How to survive dictatorship. That is what much of the rest of the world has had to learn. Our country has imposed this condition on so many places and peoples around the globe it is naive to imagine we would avoid it. Besides, do Native Americans and African American descendents of enslaved people not realize they have never lived in anything but a dictatorship?

In this election we did not really have a healthy choice, as is said in a commercial for something I vaguely remember. Or, as a friend puts it: “‘the “choice” was between disaster and catastrophe.”‘ If this puzzles you, here is the next step of my counsel: Study. Really attempt to understand the people you are voting for. What are they doing when they’re not smiling at you in anticipation of your vote? Study hard, deeply, before the Internet is closed, before books are disappeared. Know your history and the ways it has been kept secret from you. Understand how politicians you vote for understand your history better than you do; which helps them manipulate your generations. It is our ignorance that keeps us hoping somebody we elect will do all the work while we drive off to the mall. Forget this behavior as if it were a dream. It was. In some way, many of us will find, perhaps to our astonishment, that we have not really lived until this moment.

Our surprise, our shock, our anger, all of it points to how fast asleep we were.

This is not a lament. It is counsel. It is saying: We can awaken completely. The best sign of which will be how we treat every being who crosses our path. For real change is personal. The change within ourselves expressed in our willingness to hear, and have patience with, the “other.” Together we move forward. Anger, the pointing of fingers, the wishing that everyone had done exactly as you did, none of that will help relieve our pain. We are here now. In this scary, and to some quite new and never imagined place. What do we do with our fear?

Do we turn on others, or toward others? Do we share our awakening, or only our despair?

The choice is ours.

http://alicewalkersgarden.com/2016/11/dont-despair/

http://www.grahameb.com/pinkola_estes.htm
WE WERE MADE FOR THESE TIMES
Clarissa Pinkola Estes
My friends, do not lose heart. We were made for these times. I have heard from so many recently who are deeply and properly bewildered. They are concerned about the state of affairs in our world now. Ours is a time of almost daily astonishment and often righteous rage over the latest degradations of what matters most to civilized, visionary people.

You are right in your assessments. The lustre and hubris some have aspired to while endorsing acts so heinous against children, elders, everyday people, the poor, the unguarded, the helpless, is breathtaking. Yet, I urge you, ask you, gentle you, to please not spend your spirit dry by bewailing these difficult times. Especially do not lose hope. Most particularly because, the fact is that we were made for these times. Yes.
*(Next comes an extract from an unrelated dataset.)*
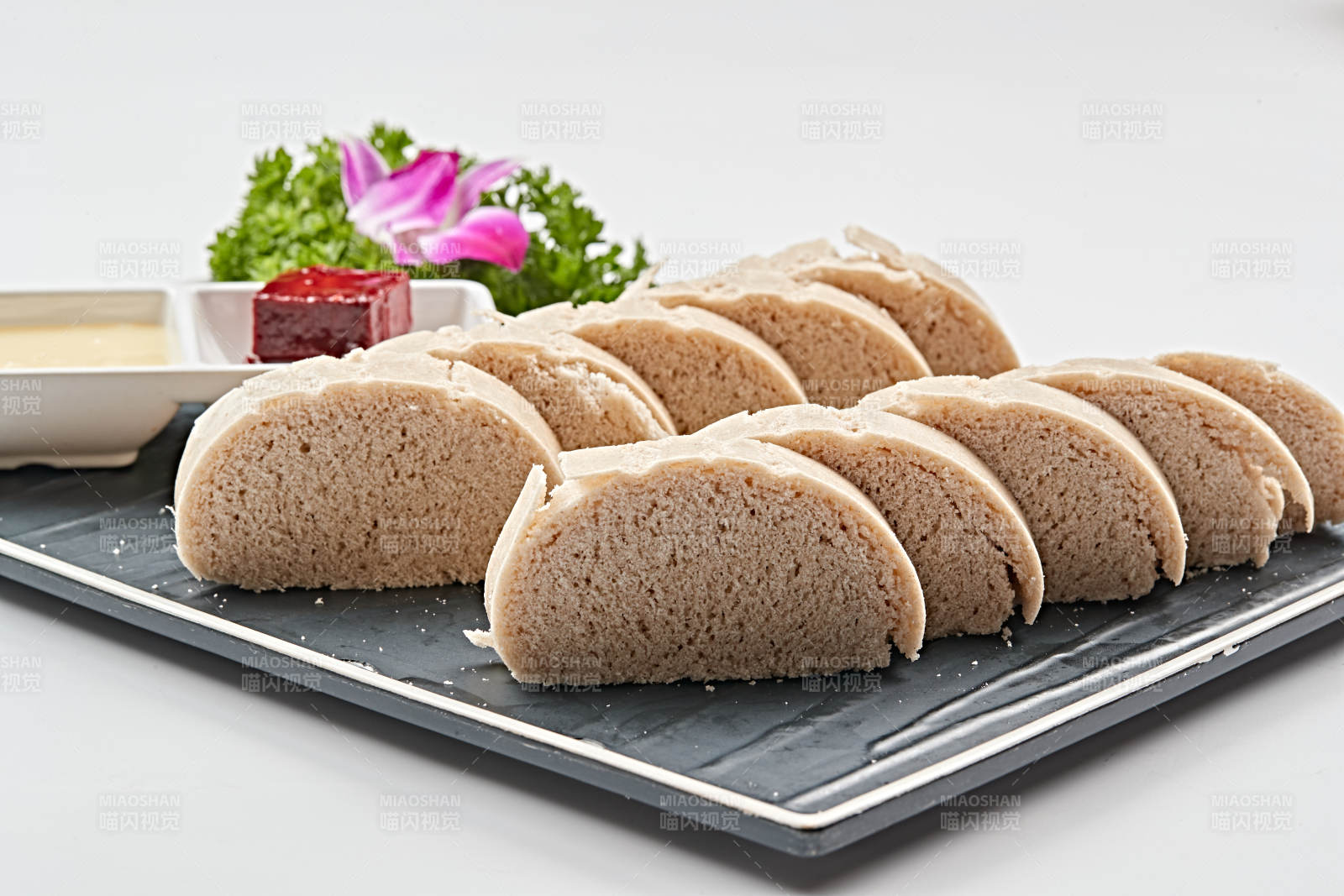 竹制笼屉装的黄金小窝头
For years, we have been learning, practicing, been in training for and just waiting to meet on this exact plain of engagement.

I grew up on the Great Lakes and recognize a seaworthy vessel when I see one. Regarding awakened souls, there have never been more able vessels in the waters than there are right now across the world. And they are fully provisioned and able to signal one another as never before in the history of humankind.

Look out over the prow; there are millions of boats of righteous souls on the waters with you. Even though your veneers may shiver from every wave in this stormy roil, I assure you that the long timbers composing your prow and rudder come from a greater forest. That long-grained lumber is known to withstand storms, to hold together, to hold its own, and to advance, regardless.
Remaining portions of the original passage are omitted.